Children's Fever

Fever is a symptom - a sign that your child's body is fighting off an infection. Most fevers are caused by common childhood illnesses such as colds, ear infections, bronchitis and tonsilitis. 

Normal body temperature is not a single number but a range: 97° to 100.4°F or 36° to 38°C. It also varies depending on the time of day, age, general health and physical activity. 

What should I do when my child has a fever? 
It is important to use a thermometer to accurately determine your child's temperature. Rectal or Tympanic (ear) thermometers are recommended for children less than 3 years old. Oral thermometers can be used for children over 3 years. 

When should I call the doctor?
Call your doctor right away if...

If your child is younger than 3 months and rectal temperature goes above 100.1°F

If your child is 3-6 months and rectal temperature is 101°F or higher

If your child is 6-12 months and rectal temperature is 103°F or higher

At any age, call your doctor right away if fever lasts more than 3 days or is accompanied by: 
  • Unusually fussy, sleepy, cranky or quiet behavior
  • Confusion or hallucinations
  • Convulsions
  • Stiff neck
  • Difficulty breathing
  • Vomiting
  • Ear or sore throat pain
  • Diarrhea
  • Skin rash
  • Whenever you have concerns

If your child is over 1 year of age, and is eating, sleeping and playing normally, there is usually no need to call the doctor unless the fever persists for more than 24 hours. 
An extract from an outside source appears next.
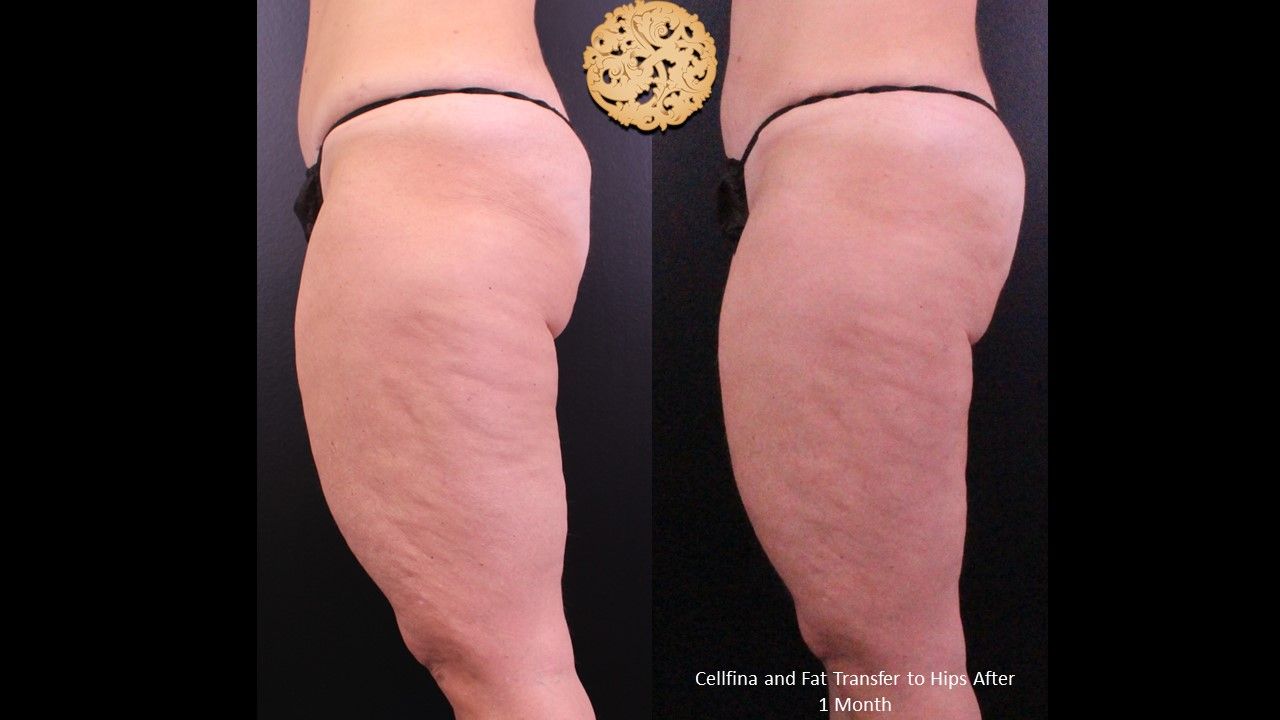 Brazilian Butt Lift Before & After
Your doctor may give you additional guidelines for when to contact a healthcare professional. Remember to follow your doctor's advice.

To help lower your child's fever: 
Place a cool washcloth on your child's forehead, or sponge your child with tepid water (85°F to 90°F). Make sure the water is not cold, and stop if your child starts to shiver. Never use rubbing alcohol - the vapors are toxic and can be absorbed through the skin. 
Keep your child's room comfortably cool. 
Depending on your child's age and your doctor's recommendations, encourage your child to drink fluids such as water and diluted fruit juices. 

Remember, you know your child best. So don't be afraid to call your pediatrician if you are unsure about what to do.